(Beginning of Information supplied)
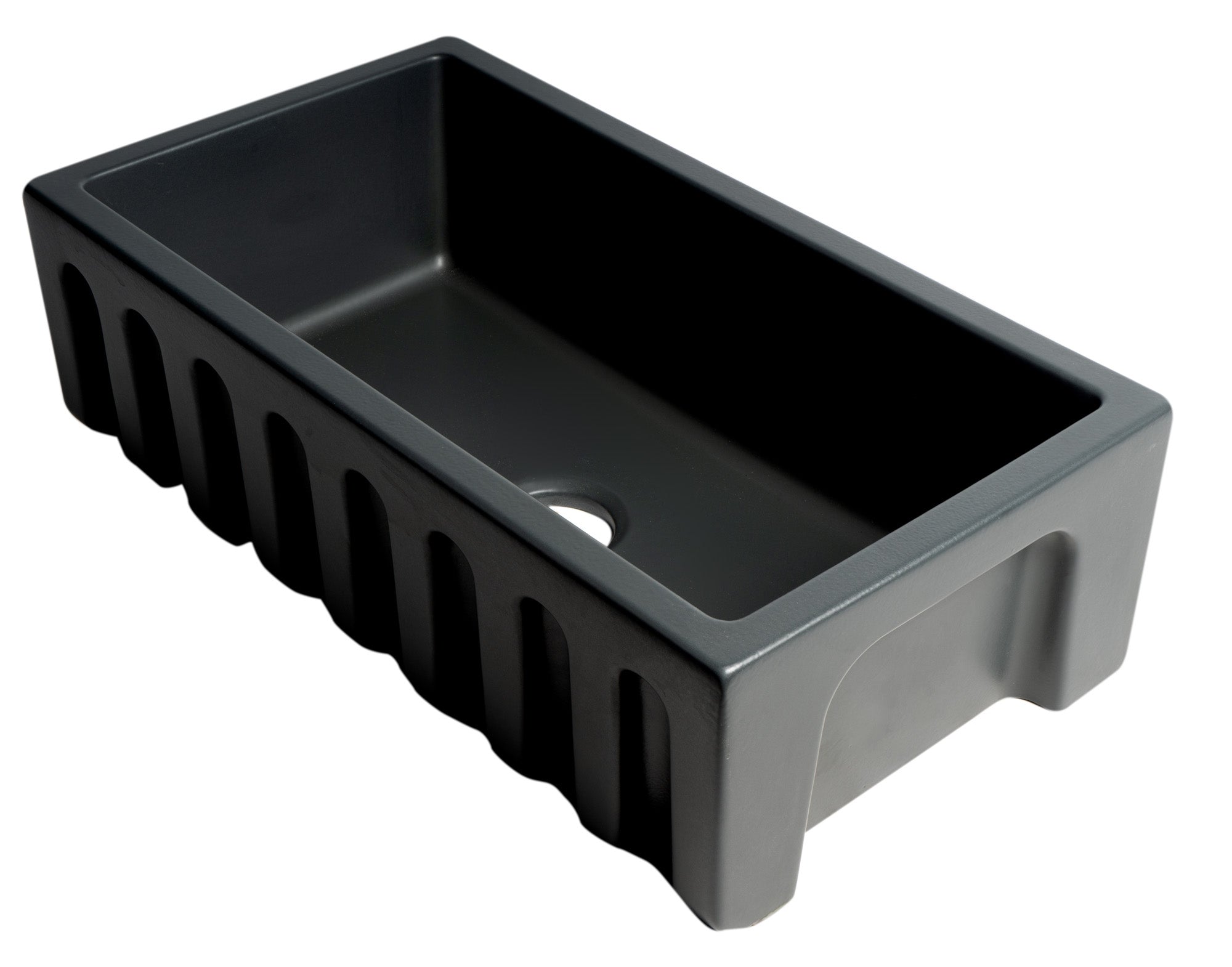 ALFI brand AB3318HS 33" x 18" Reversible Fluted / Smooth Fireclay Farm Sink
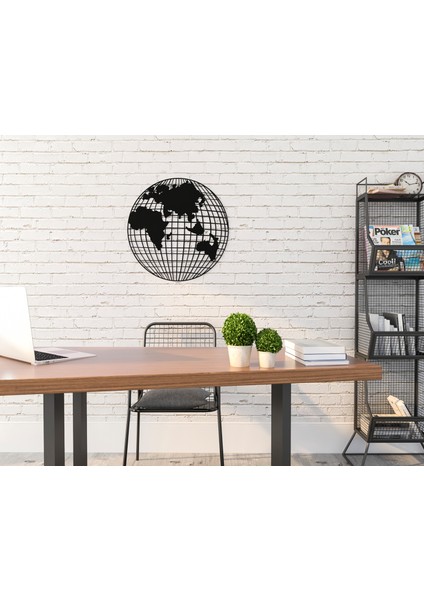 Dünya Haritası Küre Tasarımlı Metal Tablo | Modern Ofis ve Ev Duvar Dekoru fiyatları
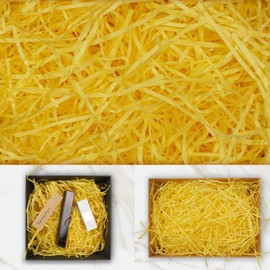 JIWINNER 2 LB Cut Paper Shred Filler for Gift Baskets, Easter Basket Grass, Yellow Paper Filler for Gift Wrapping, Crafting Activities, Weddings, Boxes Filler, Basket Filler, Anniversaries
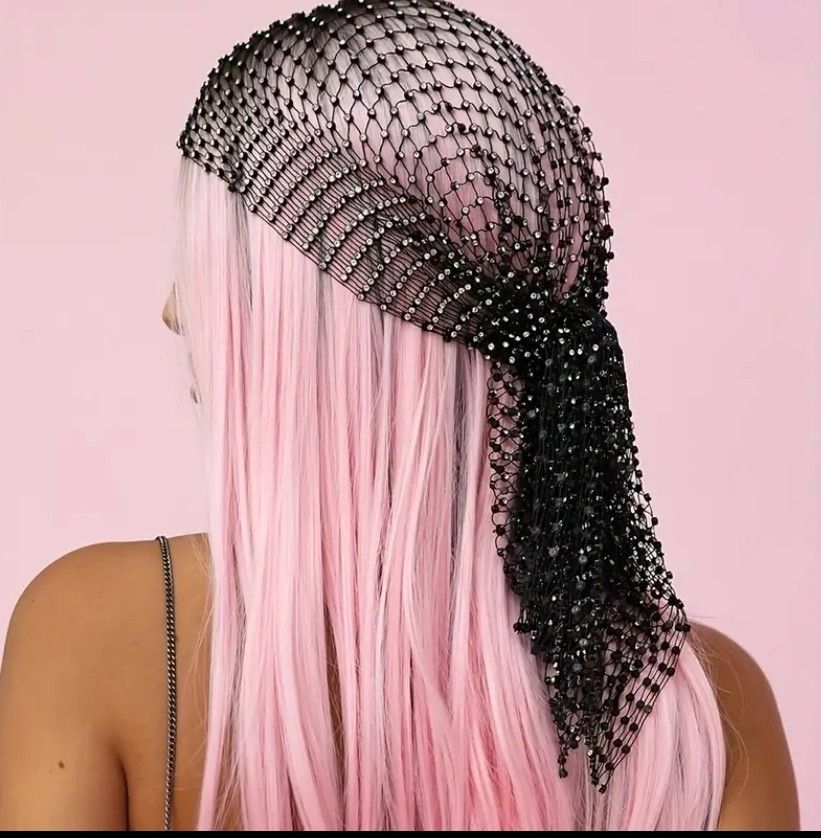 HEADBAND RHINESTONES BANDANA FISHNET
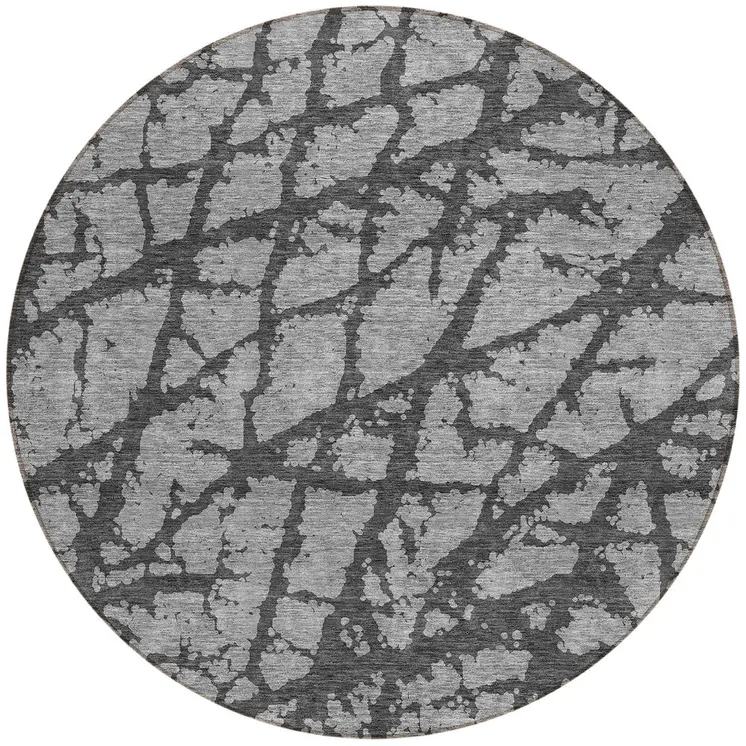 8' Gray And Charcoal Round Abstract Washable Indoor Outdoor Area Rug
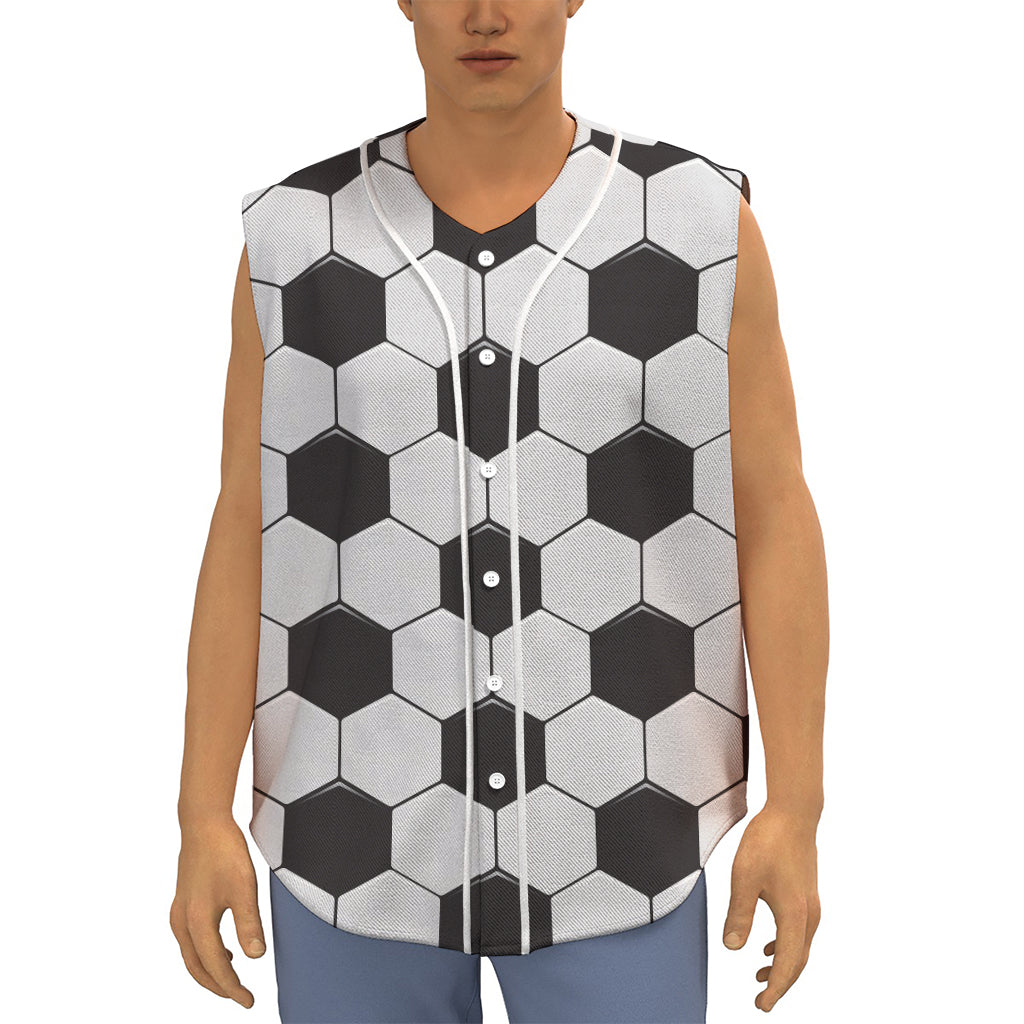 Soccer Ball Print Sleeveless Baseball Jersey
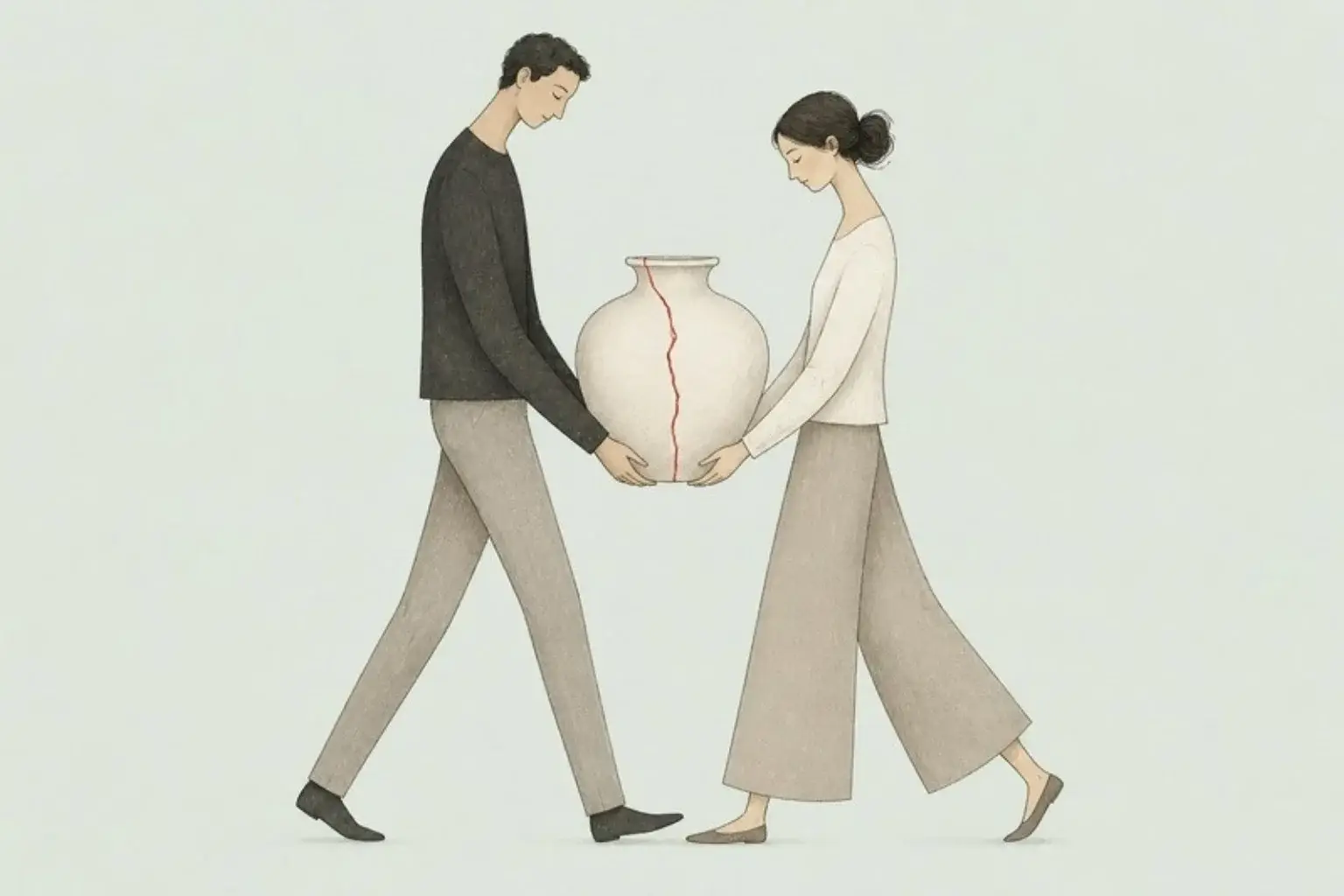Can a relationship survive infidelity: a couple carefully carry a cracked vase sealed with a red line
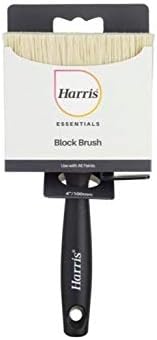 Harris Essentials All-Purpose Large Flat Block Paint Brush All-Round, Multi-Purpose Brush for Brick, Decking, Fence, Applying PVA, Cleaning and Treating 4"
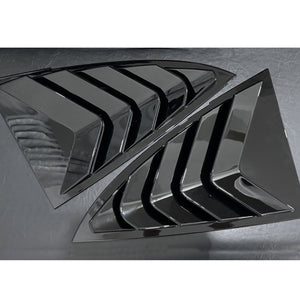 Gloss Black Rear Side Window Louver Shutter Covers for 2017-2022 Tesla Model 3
(End of Information supplied)
— Action item —
Beginning with the line that contains "Harris Essentials All-Purpose" and ending with the final line of the entries, every line must be copied exactly; the pictures must not.

— Output below —
 Harris Essentials All-Purpose Large Flat Block Paint Brush All-Round, Multi-Purpose Brush for Brick, Decking, Fence, Applying PVA, Cleaning and Treating 4"
 Gloss Black Rear Side Window Louver Shutter Covers for 2017-2022 Tesla Model 3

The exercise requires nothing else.